The main connective tissue between “Skinamarink” and “Twilight Zone: The Movie” is the 1931 cartoon “Bimbo’s Initiation.” Both films feature scenes with the cartoon playing on television, intermittently in “Skinamarink” and at a certain moment in Joe Dante’s segment of “Twilight Zone,” a remake of the episode entitled “It’s a Good Life” from season 3 of the original series.
“Bimbo’s Initiation” is a remarkable piece both in and of itself as well as within the realm of the uncanny. A “Talkartoon” made by Fleischer Studios, the short (directed by Dave Fleischer) involves the studio’s “Bimbo” character, a mostly innocent, bumbling anthropomorphized dog who served as the main love interest to Betty Boop during her early years. Walking blissfully on the street, Bimbo accidentally falls into an open manhole (which is then locked shut by a character who looks suspiciously like Mickey Mouse) and finds himself in the lair of a secret society that continually asks if Bimbo would like to be a member. Each “no” from Bimbo sends him to a new room and a new death trap, which Bimbo narrowly avoids.

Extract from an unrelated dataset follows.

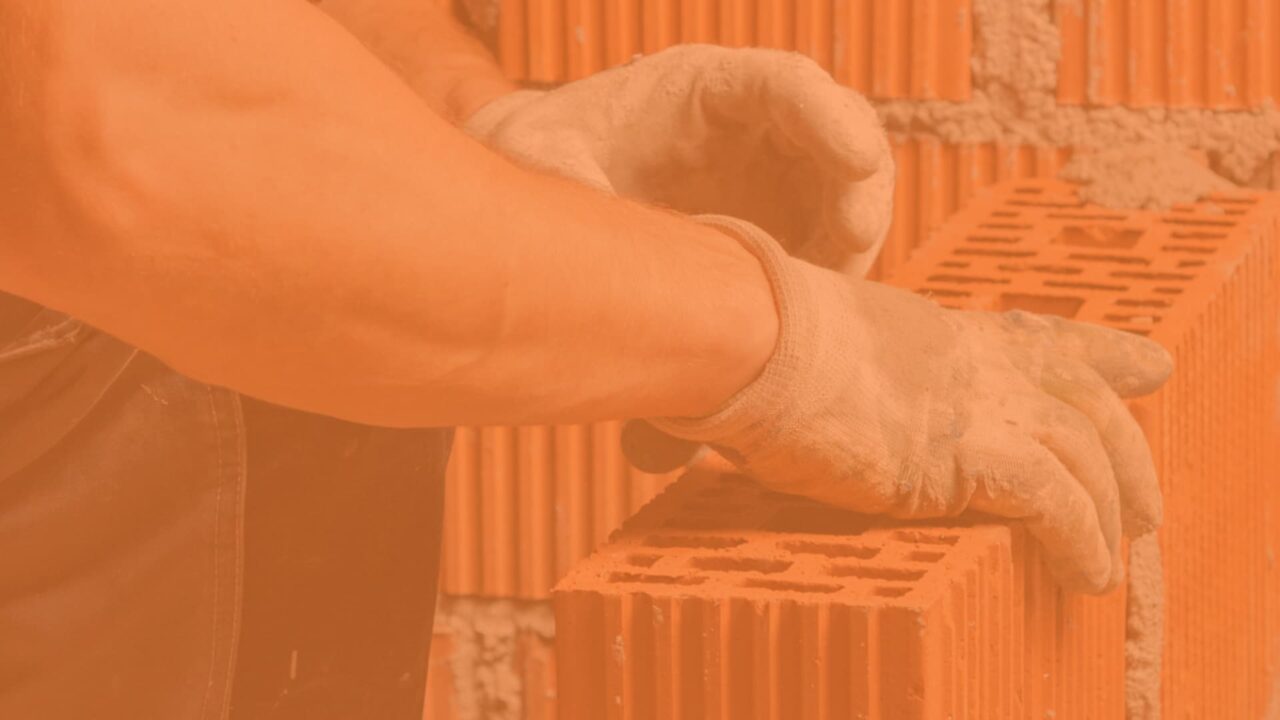 DeCoWaste_kickoff_Murcia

“Bimbo’s Initiation” sends all laws of physics and any semblance of reality packing, with even the lair Bimbo finds himself trapped in changing shape at will, the space endless and claustrophobic all at once. Like many cartoons of the era, “Bimbo’s Initiation” is chock full of sadism. The character is tortured by unknown forces for no good reason since he’s not, for instance, an arrogant buffoon like Daffy Duck.
The secret society turns out to be hundreds of clones of Betty Boop, an early version of the character who sports dog-like features, which is a bizarre sight by itself for those who only know her more human look from later in her history.